Il le fait alors en mettant toutes les chances de son côté : il adopte un pseudo moins embarrassant que le précédent, Tity Boi (en gros, « Garçon Nichon »). Il déploie son carnet d’adresse bien rempli pour empiler une jolie collection de featurings. Il investit une trap music générique, mais cocasse, loufoque, presque bon enfant. Et quelques mois après une première mixtape de référence, Codeine Cowboy, celui qui s’appelle désormais 2 Chainz délivre T.R.U. REALigion, une sortie très réussie, davantage même que l’album qui suivra un an après chez Def Jam, Based On A T.R.U. Story.
Cett mixtape appartient à la prestigieuse série des Gangsta Grillz de DJ Drama, ses titres sont produits par tous les beatmakers du moment (Mike WiLL Made-It, Lex Luger, Southside, Drumma Boy, Fatboi, etc.) et y participent des grands noms du rap aussi variés que Birdman, T.I., Young Jeezy, Yo Gotti, Big Sean, Jadakiss, quelques valeurs alors émergentes comme Meek Mill et Kreayshawn, et même le vétéran new-yorkais Raekwon.

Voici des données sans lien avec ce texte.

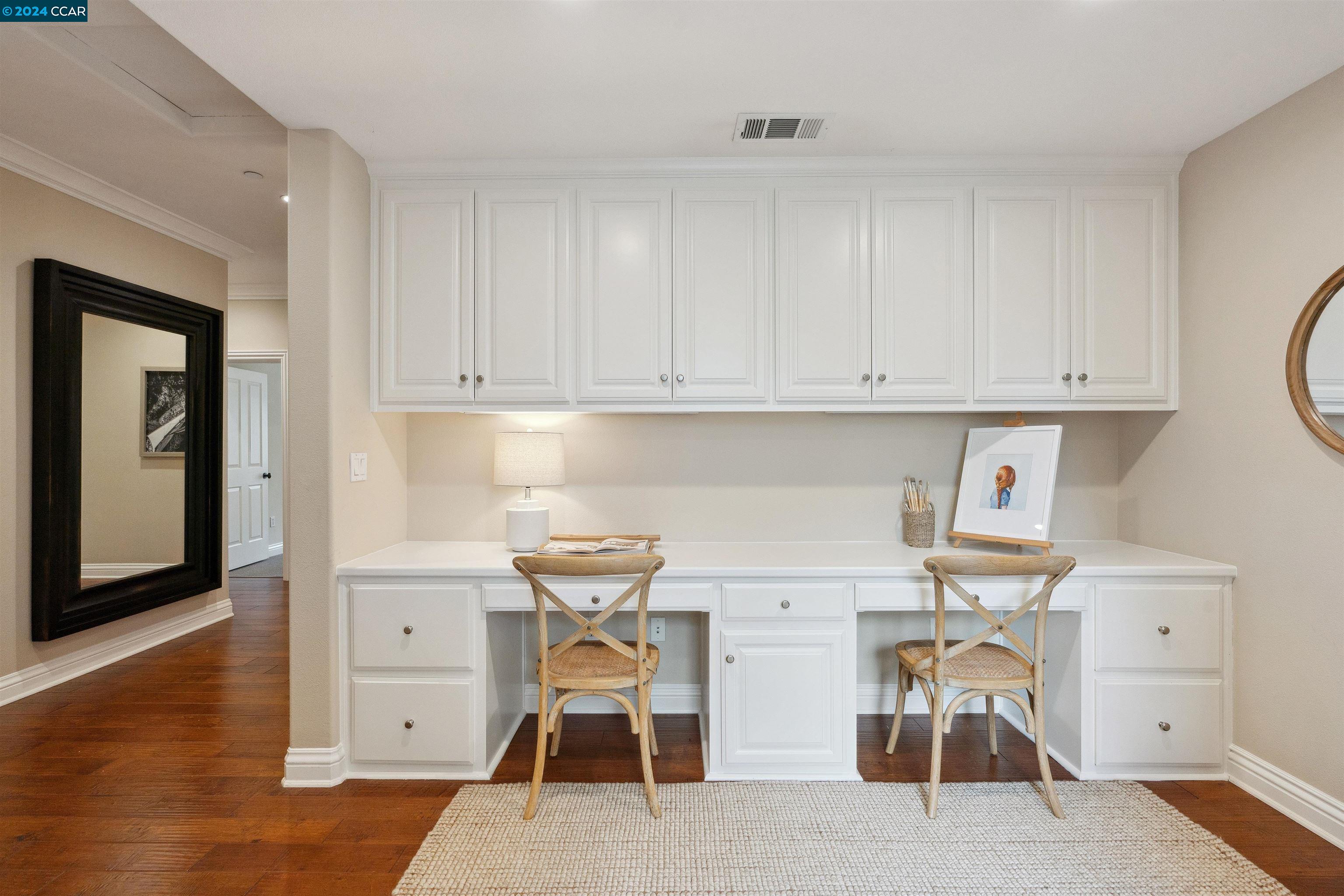 56 Hidden Oaks Dr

2 Chainz accorde son succès tardif à un concept qui lui est propre, et qu’il présente en introduction : le griming, mélange de travail de longue haleine (« grinding ») et d’accord avec le temps présent (« timing »). Le premier terme est illustré par la persévérance qu’il a fallu à 2 Chainz pour se faire une place. Le second, quant à lui, est confirmé par la nature presque standard, en 2011, qui caractérise cette mixtape.

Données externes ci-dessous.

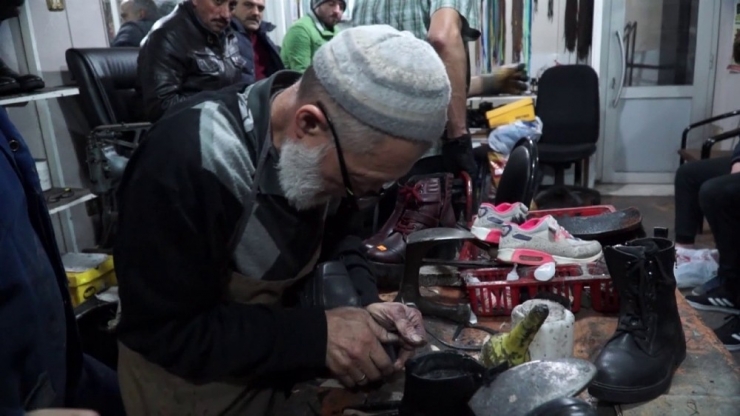 Gelişen Teknolojiye İnat Ayakkabıcılık Mesleğini Yarım Asırdır Sürdürüyor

Le premier vrai titre est un excellent « Got One », en quelque sorte un hommage à la bonne ville d’Atlanta. Et celui-ci, comme tous les autres, ne fait que décliner le son local, rythmes trépidants et synthés claironnants, et à traiter des incontournables thèmes du sexe, de la drogue et de l’argent.

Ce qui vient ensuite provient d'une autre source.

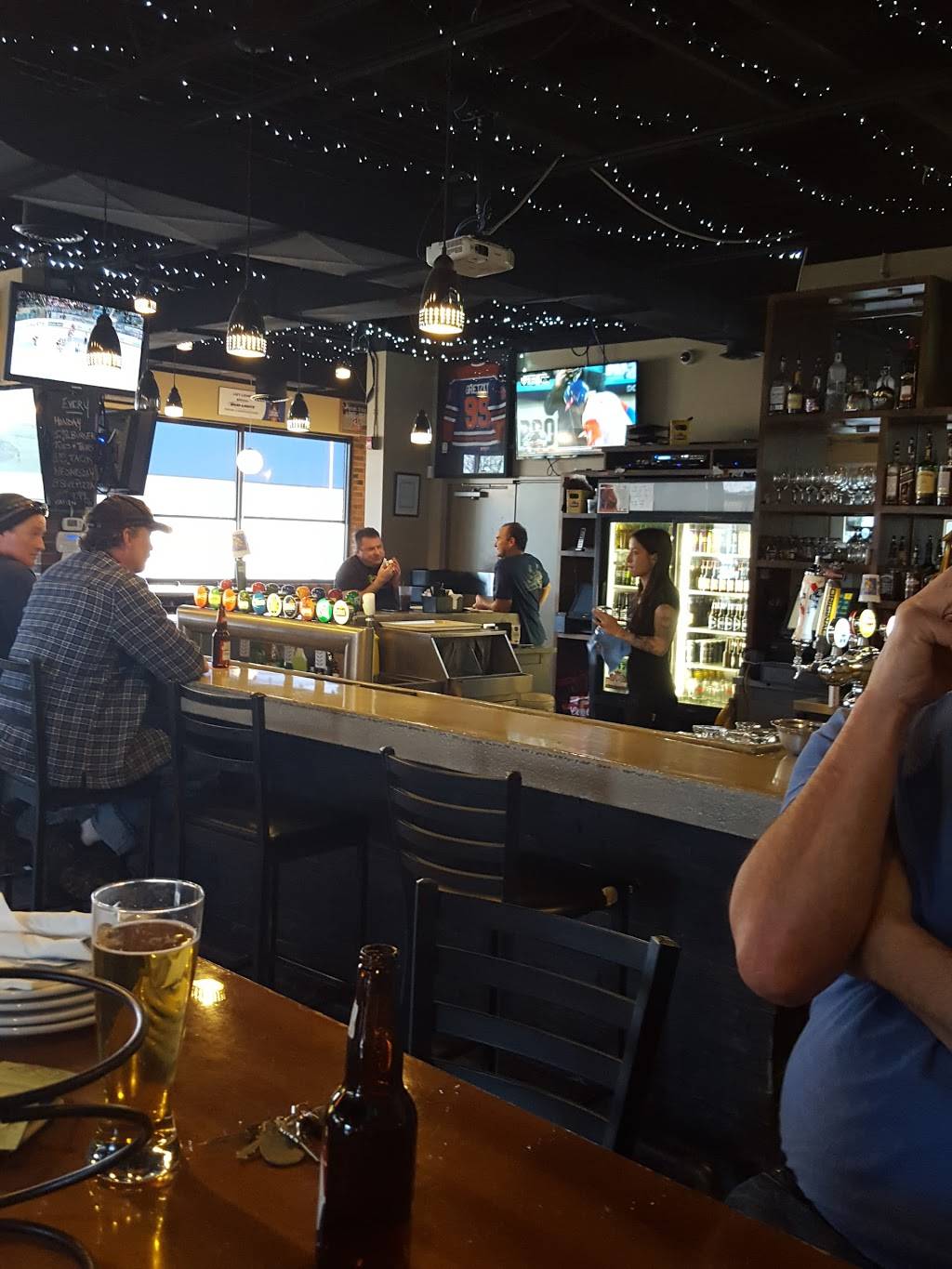 Lazy Lizard | restaurant | 396 Ontario St, St. Catharines, ON L2R 5L8, Canada | 9059379817 OR +1 905-937-9817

Tout est conventionnel, mais tout ou presque réussit à 2 Chainz. Sur « Undastatement », Lex Luger décline avec bonheur l’un de ces sons bastons qui en ont fait le beatmaker du moment. Sur « Stunt », 2 Chainz et Meek Mill rivalisent de vantardises sur des synthétiseurs tourbillonnants. « Murder » est à la fois violent et burlesque à souhait, contribution de Kreayshawn incluse. « Kesha » est une jolie romance pour mauvais garçon. « Riot » remplit son rôle de single qui tabasse, de même qu’une version remixée de « Spend It » avec le renfort de T.I., le titre qui a été pour 2 Chainz le passeport vers le succès.
Plus ça tape, plus ça lui va, comme le prouve en creux le sirupeux et ennuyeux « K.O. », avec Big Sean, dans une seconde moitié de mixtape moins jubilatoire que la première. Il faut à ce rappeur les sons qui vont avec sa vigueur juvénile et sa posture de grande gueule exaltée. Dans de telles conditions, 2 Chainz est 2011, et 2011 est 2 Chainz, la personne à faire écouter, plus tard, à ceux qui voudront comprendre à quoi pouvait bien ressembler le rap, dans ces années-là.